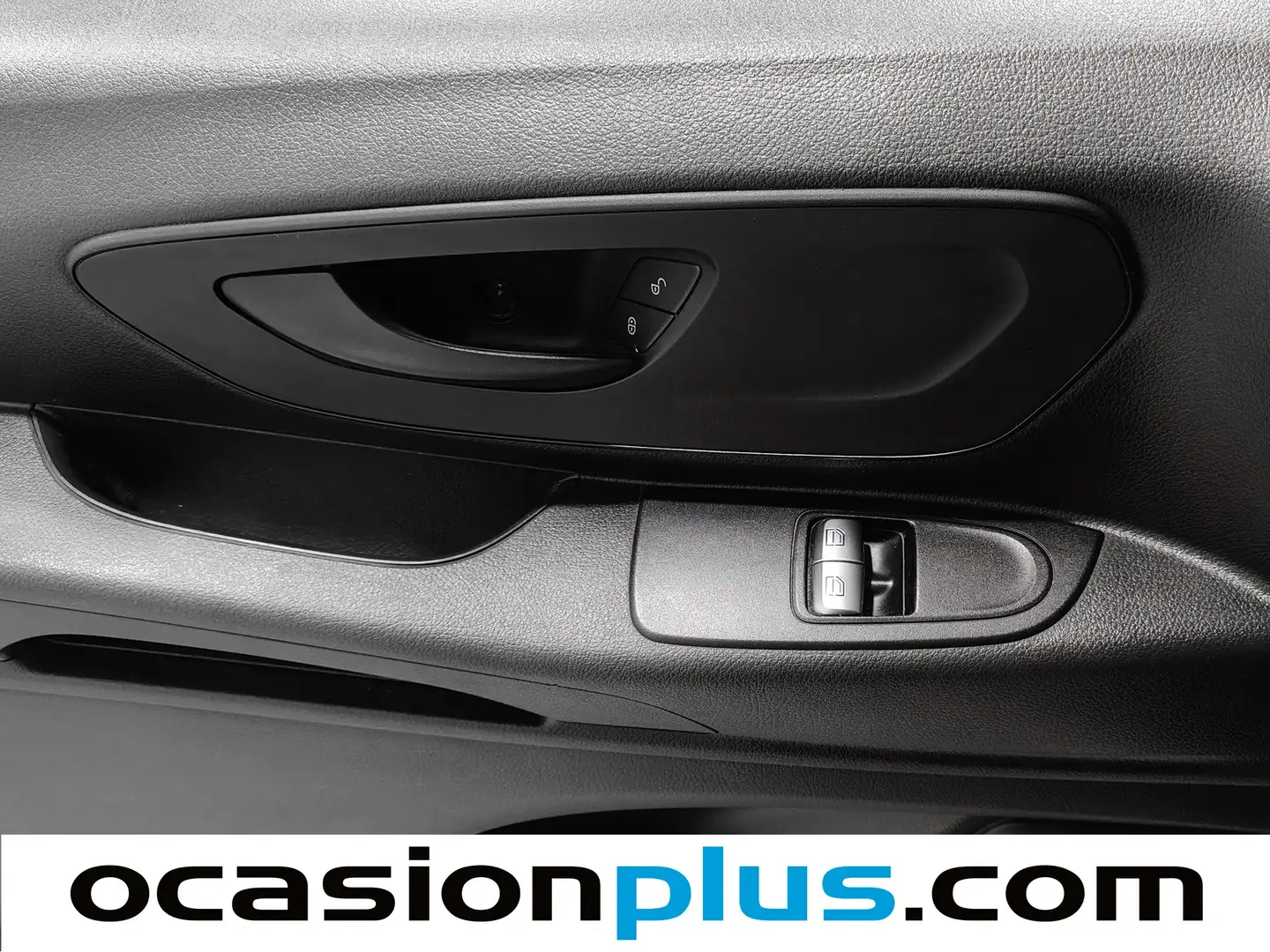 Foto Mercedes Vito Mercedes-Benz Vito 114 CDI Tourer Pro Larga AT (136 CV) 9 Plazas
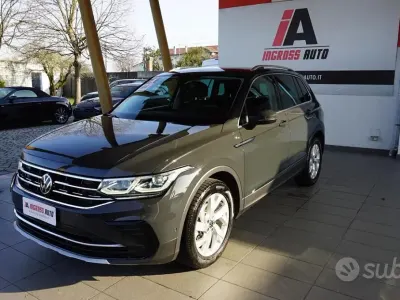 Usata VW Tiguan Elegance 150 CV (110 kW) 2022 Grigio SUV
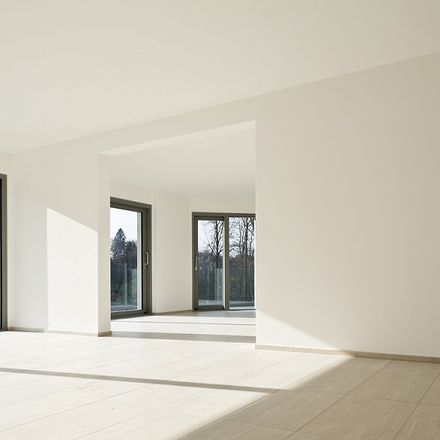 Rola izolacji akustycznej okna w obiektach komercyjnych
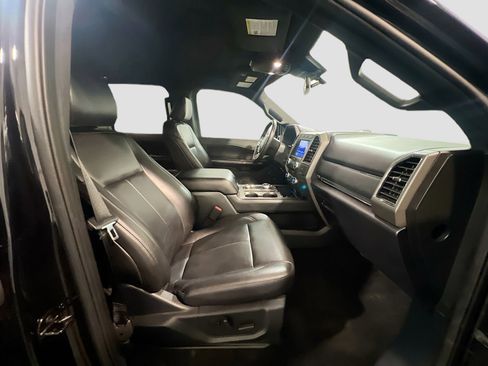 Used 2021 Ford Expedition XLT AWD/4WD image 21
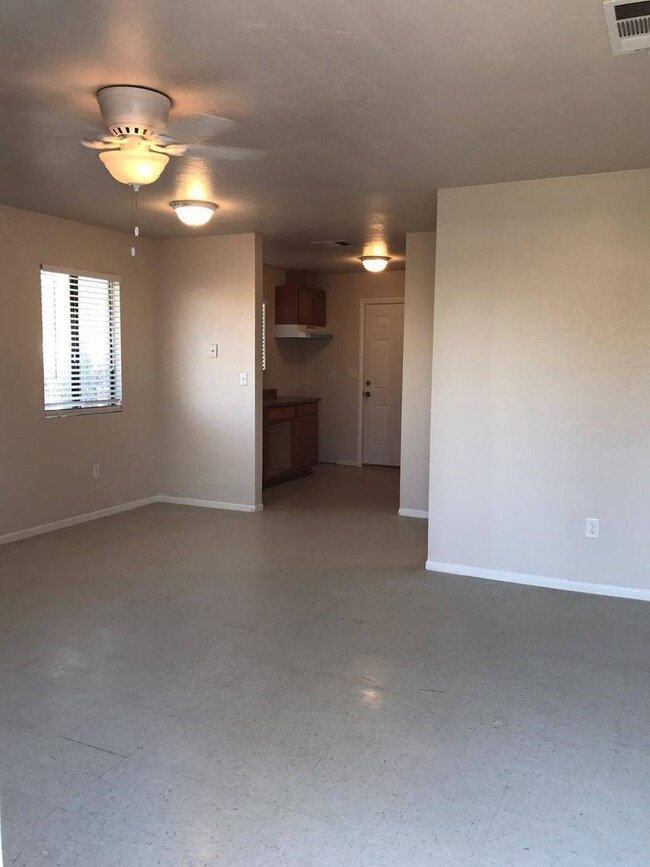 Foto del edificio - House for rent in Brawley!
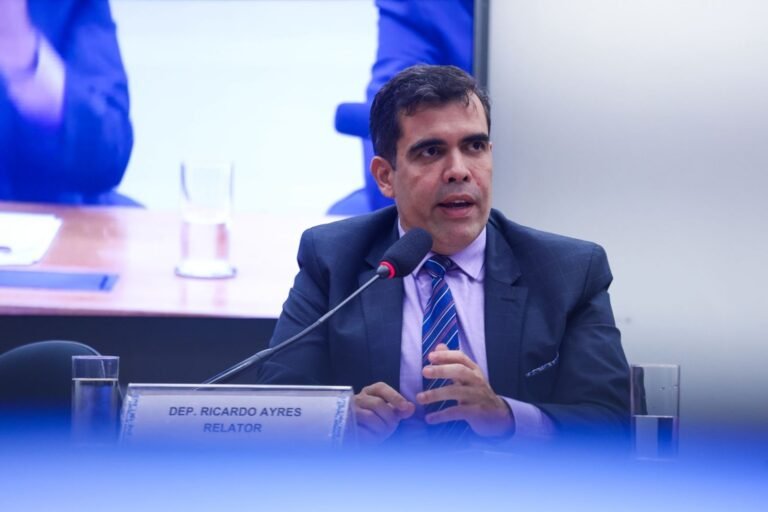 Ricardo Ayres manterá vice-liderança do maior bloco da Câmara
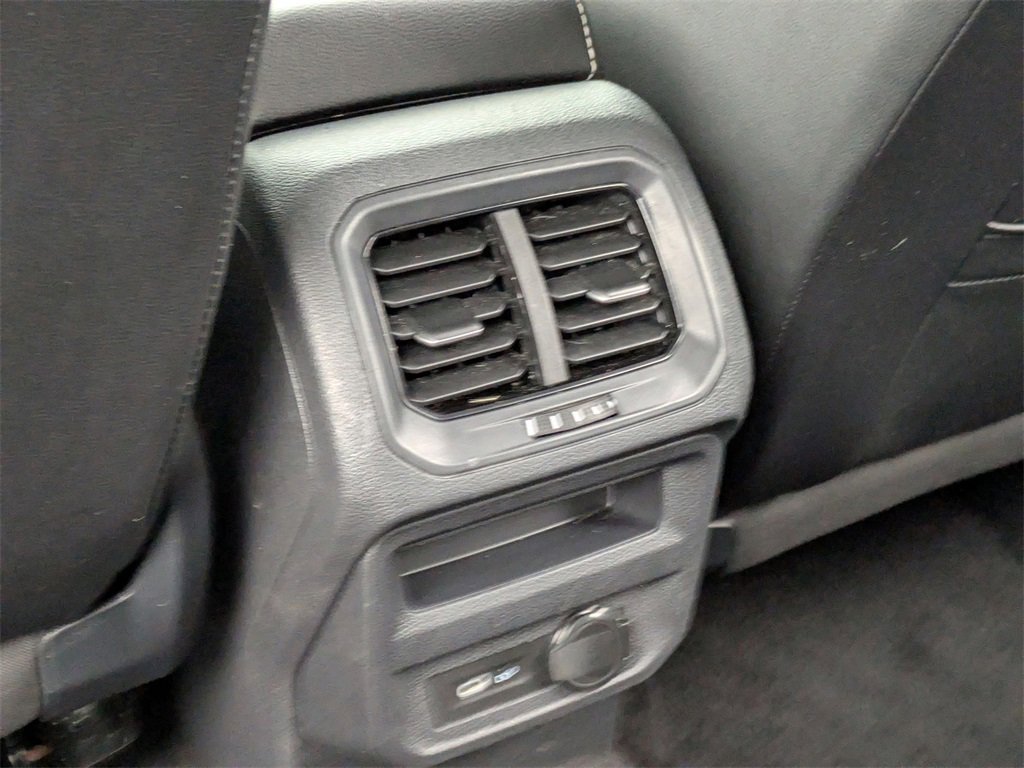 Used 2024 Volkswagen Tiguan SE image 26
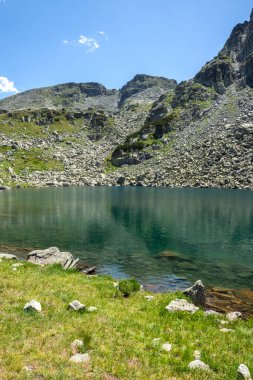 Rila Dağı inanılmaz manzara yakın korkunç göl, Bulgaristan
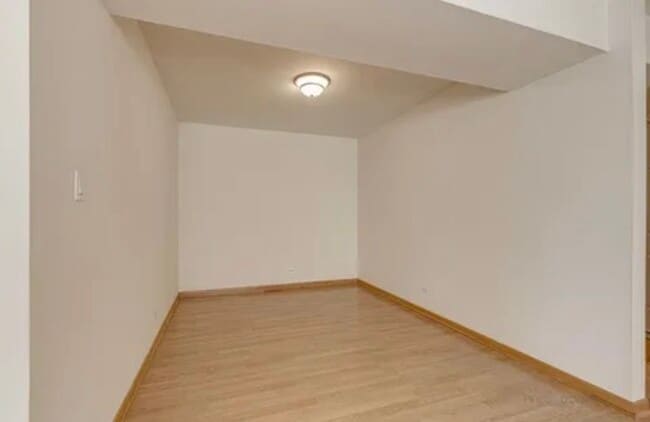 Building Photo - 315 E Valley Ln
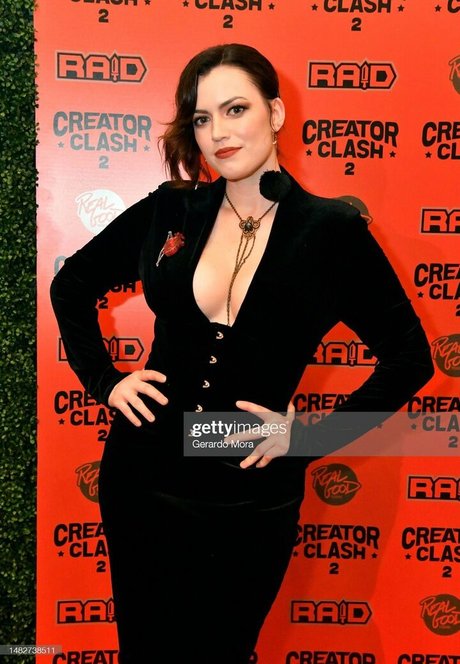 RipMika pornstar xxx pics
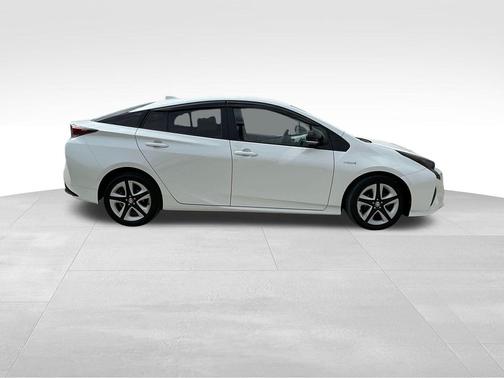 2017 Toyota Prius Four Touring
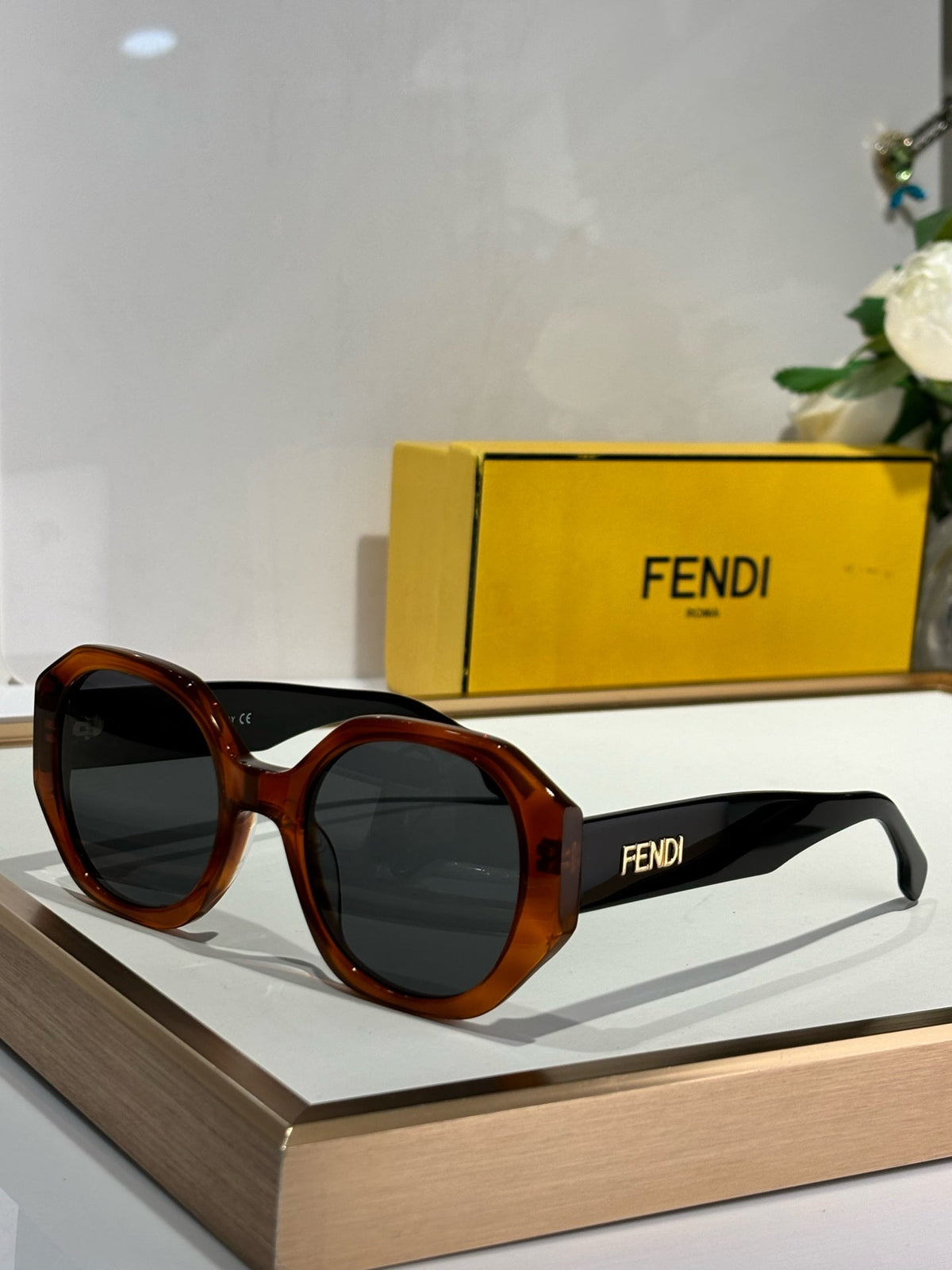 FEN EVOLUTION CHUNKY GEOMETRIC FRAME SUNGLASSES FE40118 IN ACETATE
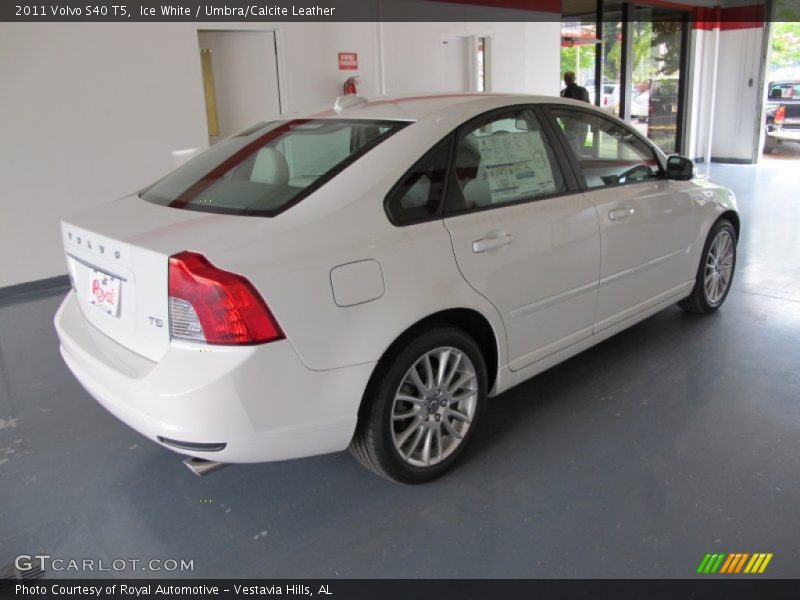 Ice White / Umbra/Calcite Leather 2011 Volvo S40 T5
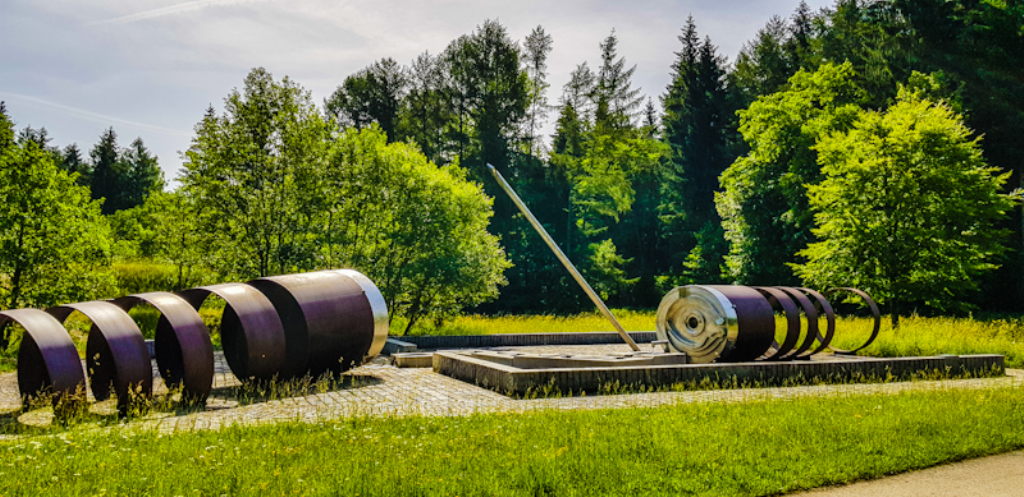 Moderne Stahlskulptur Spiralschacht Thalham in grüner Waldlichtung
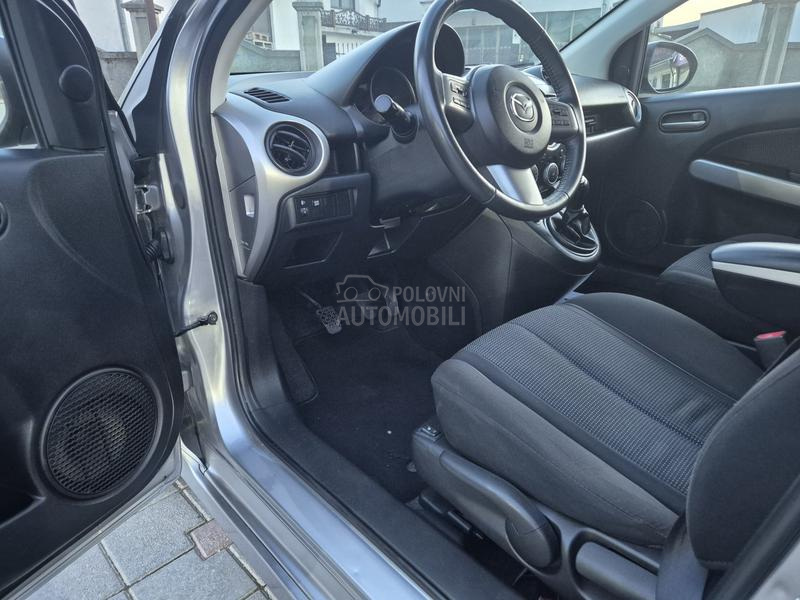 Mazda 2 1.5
§ §
Everything in the listing is to be returned word for word, except the pictures.

 Foto Mercedes Vito Mercedes-Benz Vito 114 CDI Tourer Pro Larga AT (136 CV) 9 Plazas
 Usata VW Tiguan Elegance 150 CV (110 kW) 2022 Grigio SUV
 Rola izolacji akustycznej okna w obiektach komercyjnych
 Used 2021 Ford Expedition XLT AWD/4WD image 21
 Foto del edificio - House for rent in Brawley!
 Ricardo Ayres manterá vice-liderança do maior bloco da Câmara
 Used 2024 Volkswagen Tiguan SE image 26
 Rila Dağı inanılmaz manzara yakın korkunç göl, Bulgaristan
 Building Photo - 315 E Valley Ln
 RipMika pornstar xxx pics
 2017 Toyota Prius Four Touring
 FEN EVOLUTION CHUNKY GEOMETRIC FRAME SUNGLASSES FE40118 IN ACETATE
 Ice White / Umbra/Calcite Leather 2011 Volvo S40 T5
 Moderne Stahlskulptur Spiralschacht Thalham in grüner Waldlichtung
 Mazda 2 1.5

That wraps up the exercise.